Hello Gentle Reader.
Back in May, the Swedish Academy, released a tweet, announcing that the five candidates had been chosen. This set off a small firestorm of speculation. English publications released their usual suspects: Haruki Murkami of Japan; Don DeLillo and Philip Roth of America; and many were calling for the prize to be awarded posthumously to Nigerian author Chinua Achebe. Yet still let’s walk away from the usual suspects, and think about other authors eligible and named in speculation for the prize.
It cannot be denied though that with the death of Chinua Achebe that Africa as a continent, and its literature is at the forefront of the prize. The last Africa writer – in the sense from the continent of Africa (sorry Toni Morrison), and actual 'native,' or African by tribal origin; was playwright and poet Wole Soyinka from Nigeria, in nineteen-eighty six.

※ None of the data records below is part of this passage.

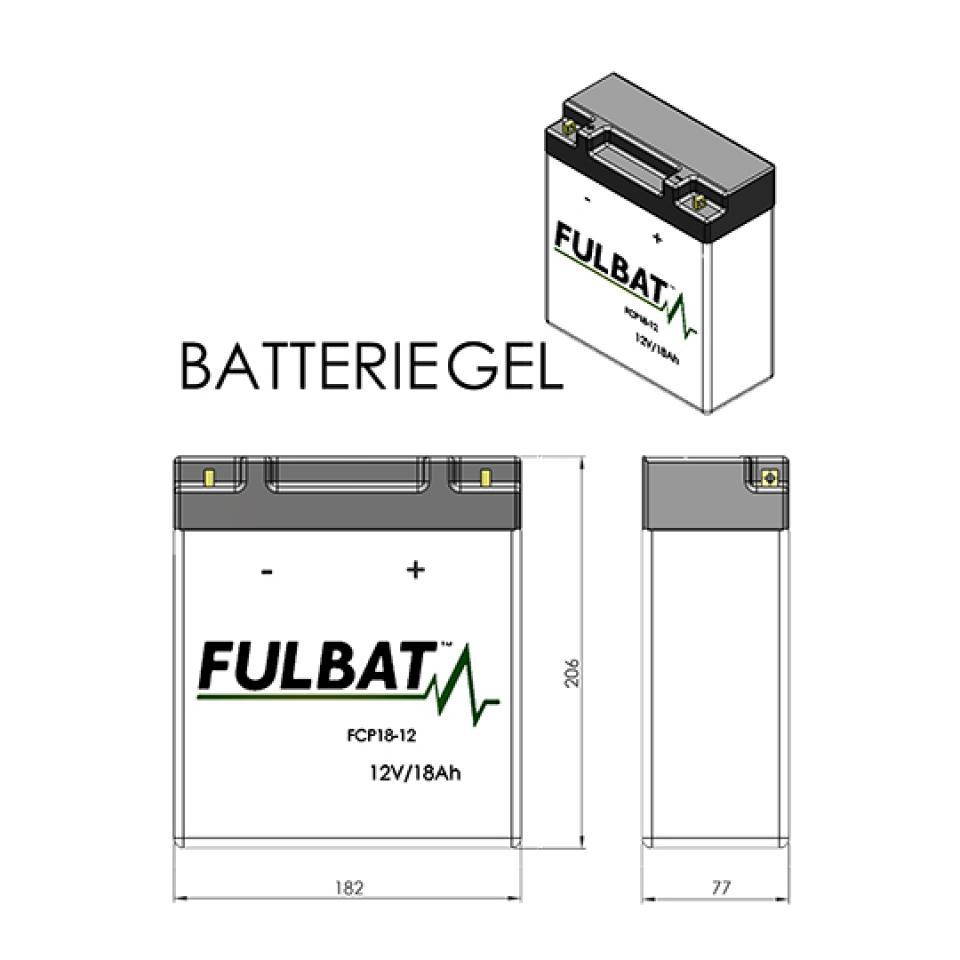 Batterie Fulbat pour Moto Neuf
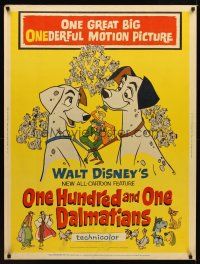2x483 ONE HUNDRED & ONE DALMATIANS 30x40 '61 most classic Walt Disney canine family cartoon!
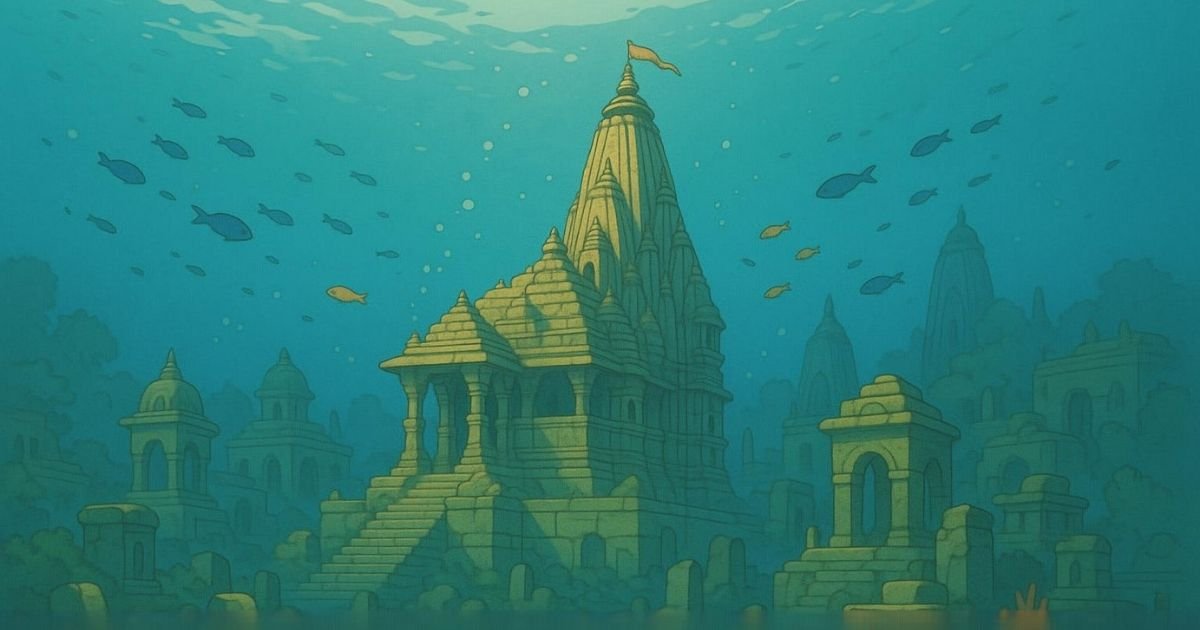 Underwater Dwarka Gujarat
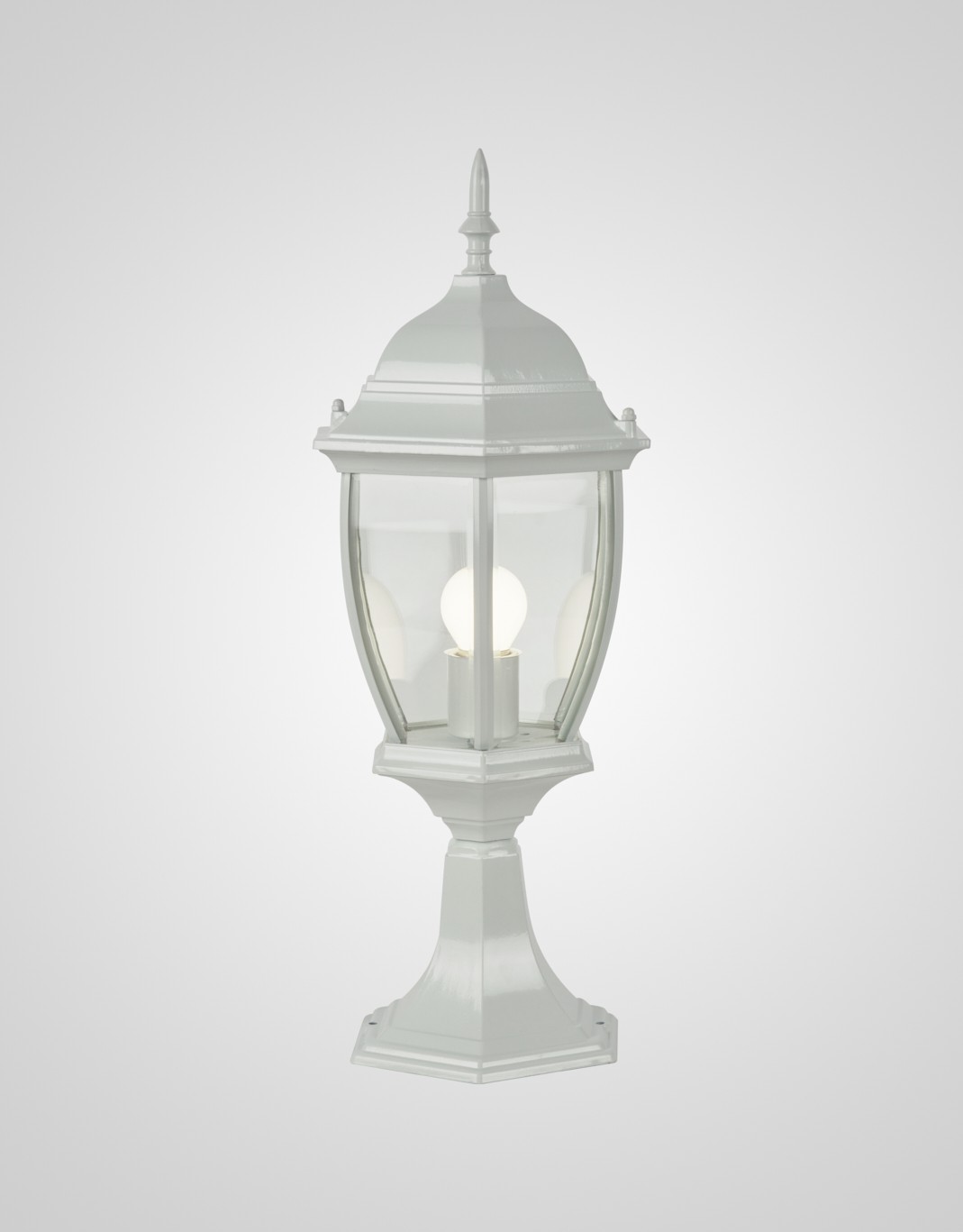 Уличный наземный светильник Мелодия Света Street P-02-M-1 WT 000021901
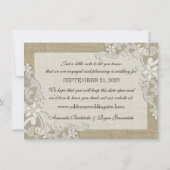 kantontwerp Sla de datum op Save The Date (Achterkant)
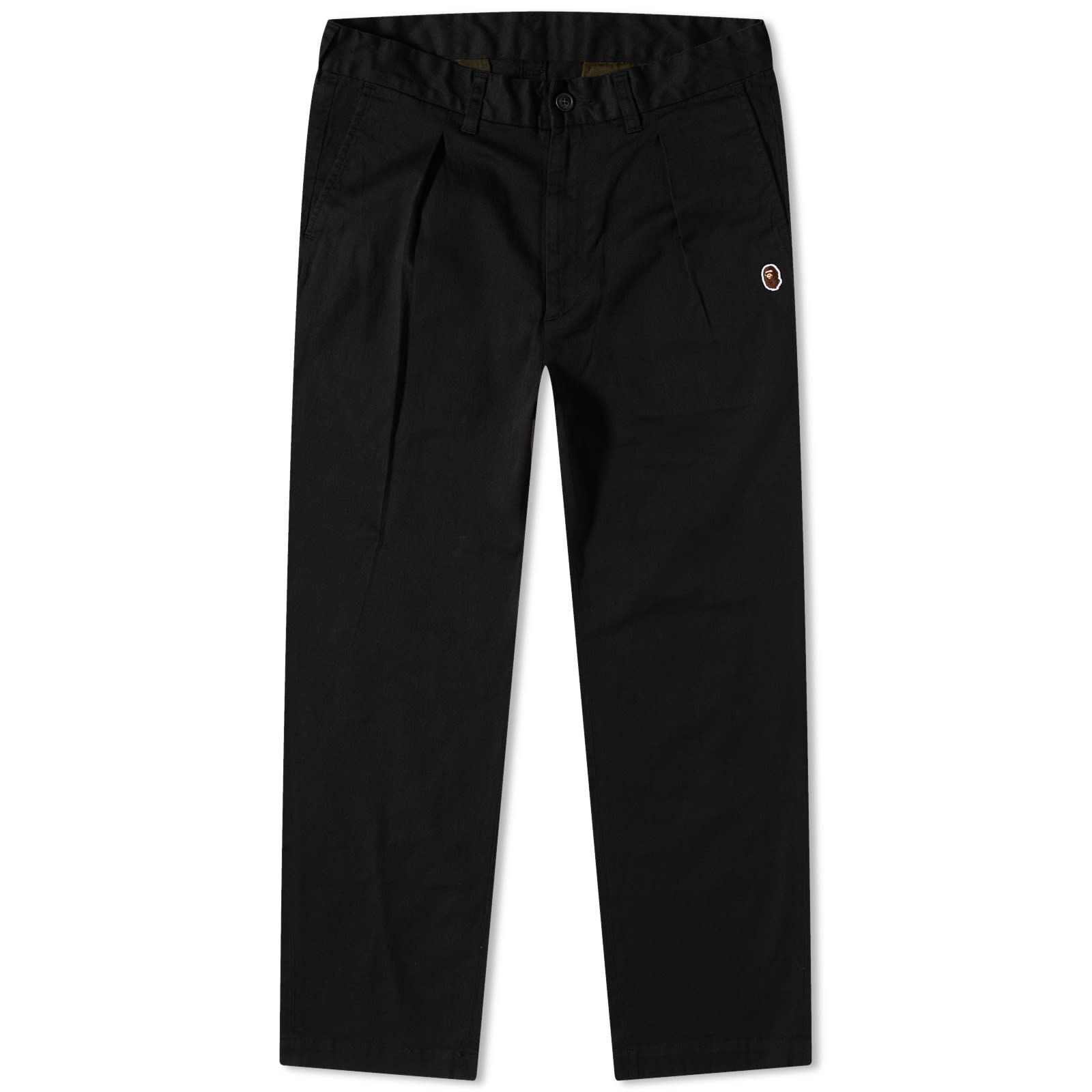 One Point Loose Fit Chino Black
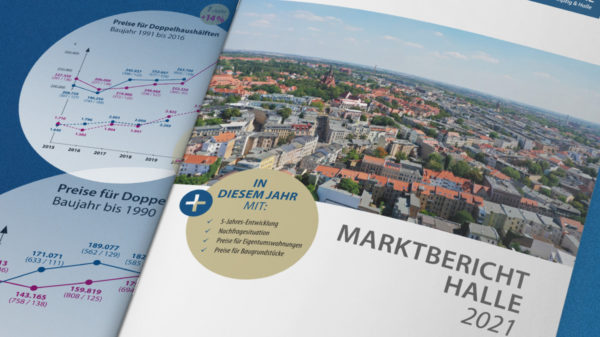 immoHAL GmbH veröffentlicht Immobilienpreise Halle im Marktbericht 2021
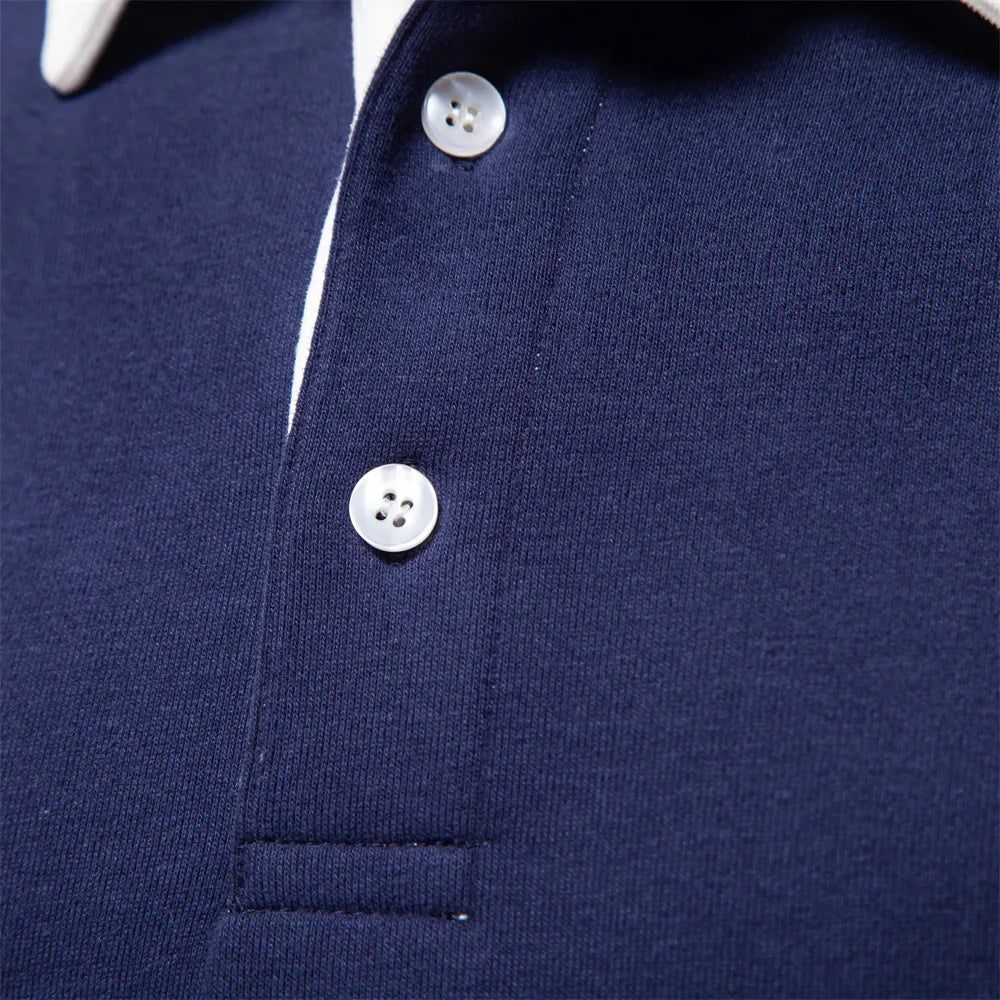 Ethan | Polo Sweatshirt | Soft Fabric | Comfortable Fit 6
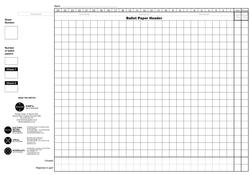 Ballot Paper 'Grass Skirt' Sheets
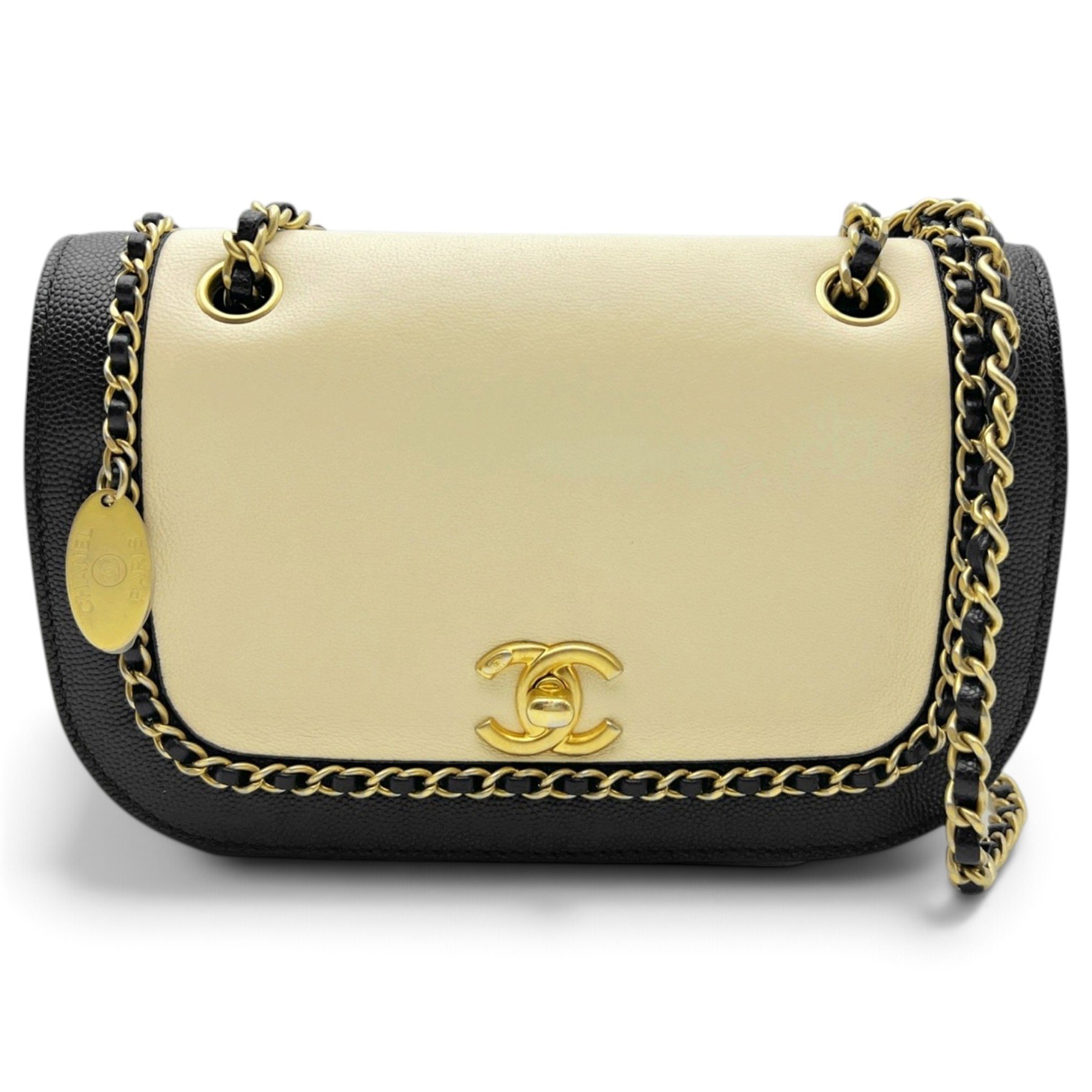Statement leather handbag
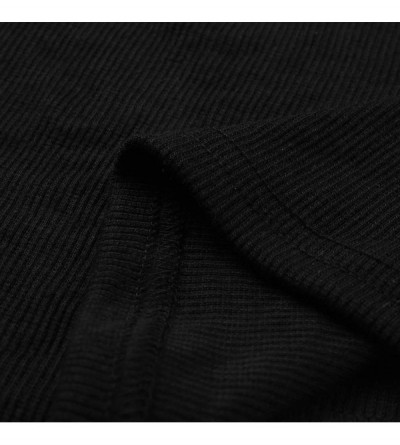 Robes Women V Neck Sleeveless Ribbed Solid Summer Crop Tops Slim Vest - Black - C6194GRNGDT $13.03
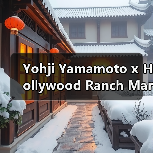 Yohji Yamamoto x Hollywood Ranch Market 首个联名系列发布:四款单品诠释经典与潮流融合(图2) Yohji Yamamoto x Hollywood Ranch Market 首个联名系列发布:四款单品诠释经典与潮流融合(图2)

Here is the list, and the names that have been passed around. These are the ones that I have chosen to focus on. Yet will only see who wins until October.
Africa –
Ayes Kwei Armah – Ghana – Armah deals with postcolonial Africa, traditional African beliefs, and an invading western culture. Ayes Kwei Armah characters usually deal with, a sense of homeland and loss, and a new western world and existence – usually in the form of education. Armah has been cited as belonging to a new generation of Africa writers after Chinua Achebe and Wole Soyinka. He has written about an increasing age of despair. A time of cross roads. With the exception “Two Thousand Seasons,” which goes back thousands of years, and discusses the transatlantic slave trade. It was written in allegorical format, and philosophised discussion; a departure from the autobiographical and the realistic of his other novels.
Nuruddin Farah – Somalia – The self-imposed exiled Somali writer, who writes in English, has been an international writer from, the continent. He has won numerous international awards, which includes the Neustadt International Prize for Literature. His most famous work is perhaps the “Blood in the Sun,” Trilogy; a coming of age story, in a post-independent world. It is in fact the first part of this trilogy “Maps,” that has cemented his reputation as a heavy weight champion, in contemporary literature. “Maps,” uses the second person narration, to discuss cultural identity and post-colonialism; set during and around with the Ogaden Conflict of nineteen-seventy seven. Farah himself has described his purpose of writing as “keeping his country alive by writing about it.”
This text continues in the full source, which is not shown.